Syntax Highlighting

Syntax highlighting of source code is essential in software development, as it effectively distinguishes different program elements such as keywords, reserved words, identifiers, bracket matching, comments, strings, and more. IDEs used by developers generally support syntax highlighting - in VSCode, the gopls mechanism can identify the category of each token and, combined with color themes, implement syntax highlighting.

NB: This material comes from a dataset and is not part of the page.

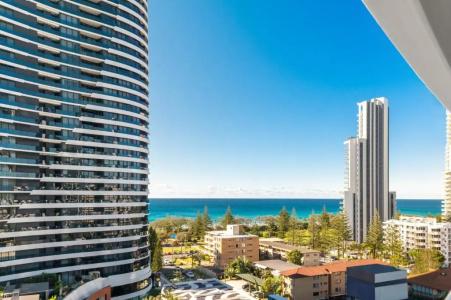Peppers Broadbeach - 152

Editors like Vim and Sublime can also support syntax highlighting for different programming languages through plugins.

When using debuggers, we often need to examine source code, for example: 1) Using the list command to actively view source code, list main.main or list main.go:20 to conveniently view code or further determine where to add the next breakpoint; 2) When stepping through statements with next or instructions with step, we want to show the current source code and instruction positions; 3) When tracing the call stack with bt, we want to display the current function call stack... In these cases, if we can syntax highlight specific source code locations including function calls, statements, expressions, operands, operators, variable names, and type names, it will undoubtedly improve readability.

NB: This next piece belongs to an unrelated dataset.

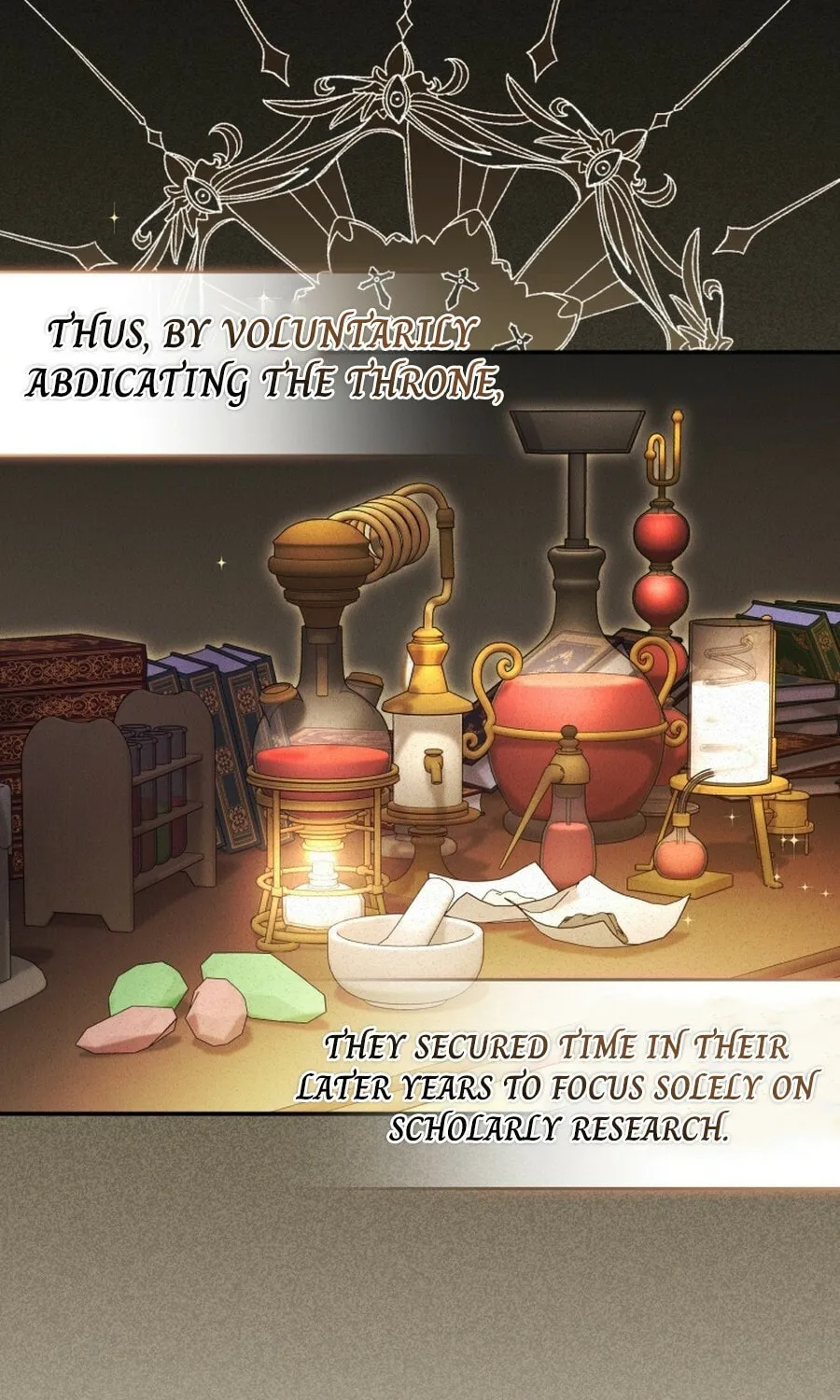 Read Revolutionary Princess Eve Manga Online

In this section, we'll introduce how to achieve this.

How to Implement

What work needs to be done to implement syntax highlighting? If you've studied compiler principles, it should be easy to realize that we just need to implement a lexical analyzer to extract token sequences from the program, and use a syntax analyzer to analyze and identify what these tokens are and how they relate to each other - whether they form a function, an expression, or something as simple as defining a variable or a control flow statement. Once we can identify these elements, highlighting these different program constructs becomes straightforward.

Hands-on Practice

Let's take Go language as an example to discuss how to implement source code highlighting. Naturally, we don't want to reimplement tedious work like lexical analyzers and syntax analyzers, and we don't have the energy to redo this kind of work. Although flex and yacc can help simplify these tasks, Go's standard library already provides package ast to help us with syntax analysis related work. In this article, we'll demonstrate how to syntax highlight Go source code using package ast.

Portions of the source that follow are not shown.